*What to produce*.
In the records below, the relevant part opens with the line containing "BORGERHOUT | APPARTEMENT" and closes with the line containing "Serene SaddleBrooke Getaway"; print that part exactly and only, without its pictures.

*Stored data entries*.
----------------------------------------

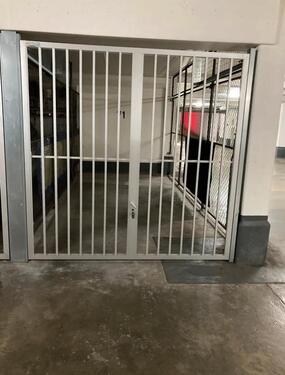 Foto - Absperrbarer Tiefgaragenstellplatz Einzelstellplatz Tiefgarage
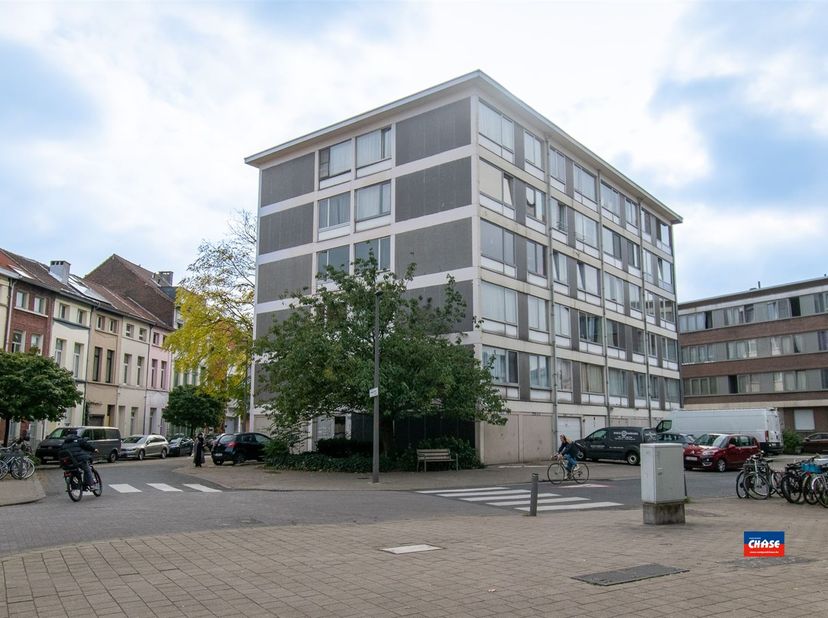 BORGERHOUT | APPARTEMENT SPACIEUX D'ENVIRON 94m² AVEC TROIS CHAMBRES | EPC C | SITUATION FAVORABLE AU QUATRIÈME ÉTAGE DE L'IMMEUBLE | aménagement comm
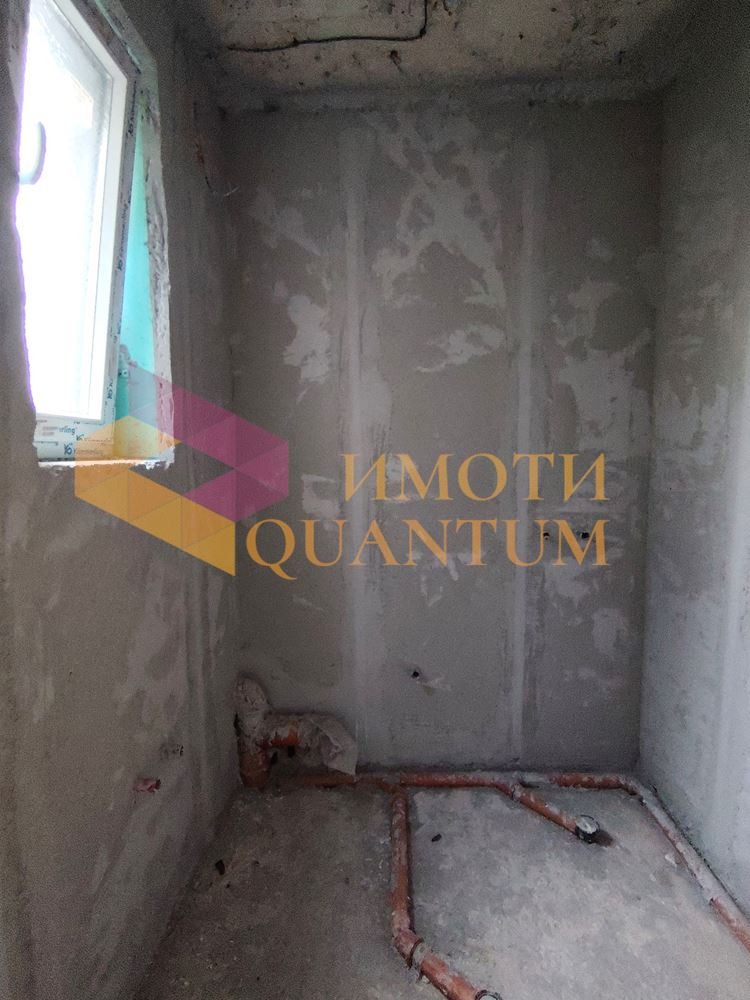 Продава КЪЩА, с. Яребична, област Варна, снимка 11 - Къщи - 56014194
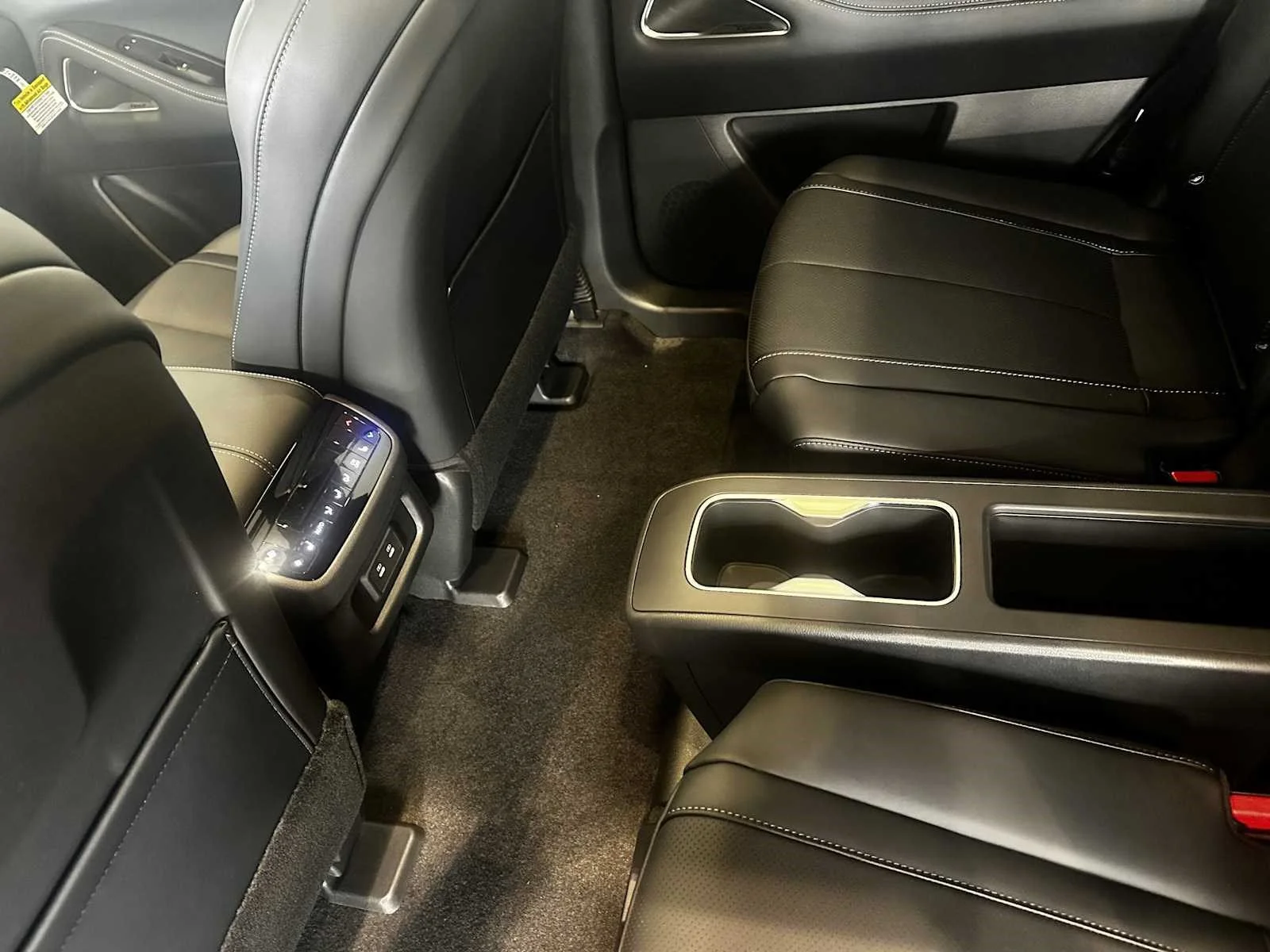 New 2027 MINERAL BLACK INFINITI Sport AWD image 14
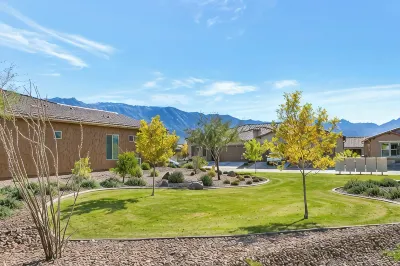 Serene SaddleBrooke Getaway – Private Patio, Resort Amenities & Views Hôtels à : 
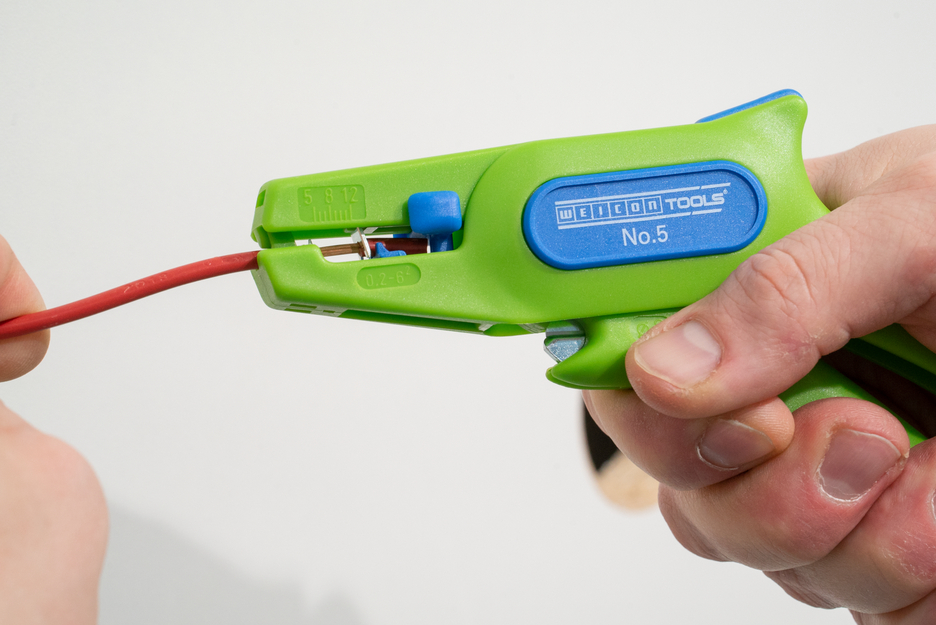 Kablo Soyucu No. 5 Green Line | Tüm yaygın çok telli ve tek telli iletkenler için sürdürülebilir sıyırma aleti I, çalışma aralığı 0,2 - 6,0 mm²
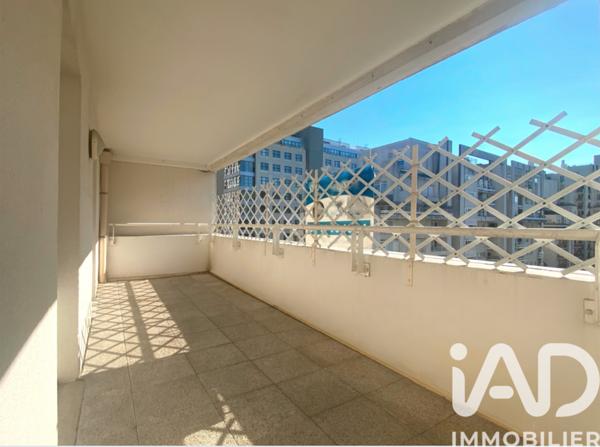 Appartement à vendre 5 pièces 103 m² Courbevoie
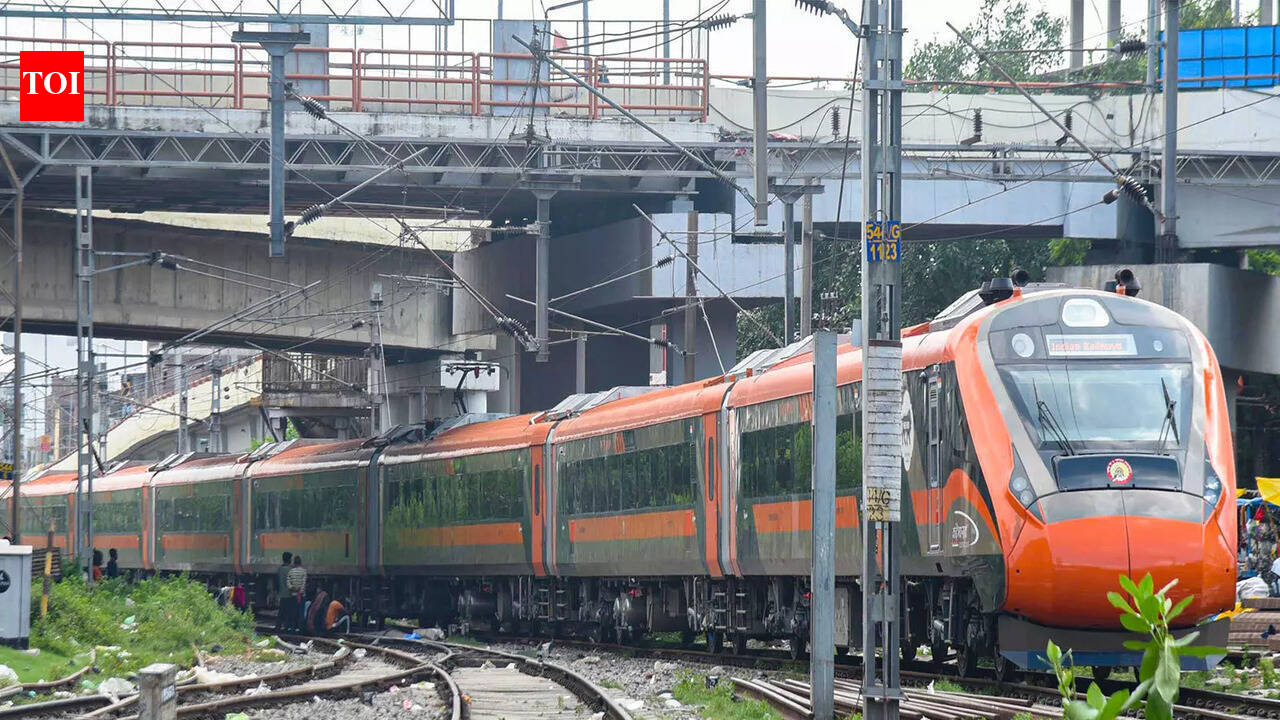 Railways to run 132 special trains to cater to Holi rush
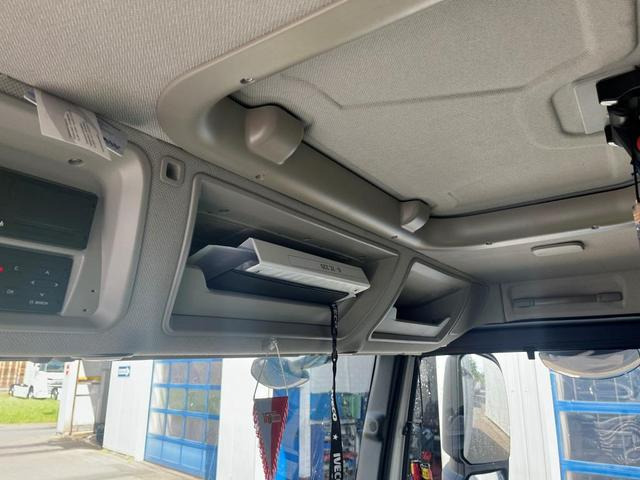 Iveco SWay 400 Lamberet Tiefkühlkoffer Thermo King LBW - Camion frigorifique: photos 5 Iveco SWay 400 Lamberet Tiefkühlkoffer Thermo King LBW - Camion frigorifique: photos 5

----------------------------------------

*Answer to this exercise*.
 BORGERHOUT | APPARTEMENT SPACIEUX D'ENVIRON 94m² AVEC TROIS CHAMBRES | EPC C | SITUATION FAVORABLE AU QUATRIÈME ÉTAGE DE L'IMMEUBLE | aménagement comm
 Продава КЪЩА, с. Яребична, област Варна, снимка 11 - Къщи - 56014194
 New 2027 MINERAL BLACK INFINITI Sport AWD image 14
 Serene SaddleBrooke Getaway – Private Patio, Resort Amenities & Views Hôtels à : 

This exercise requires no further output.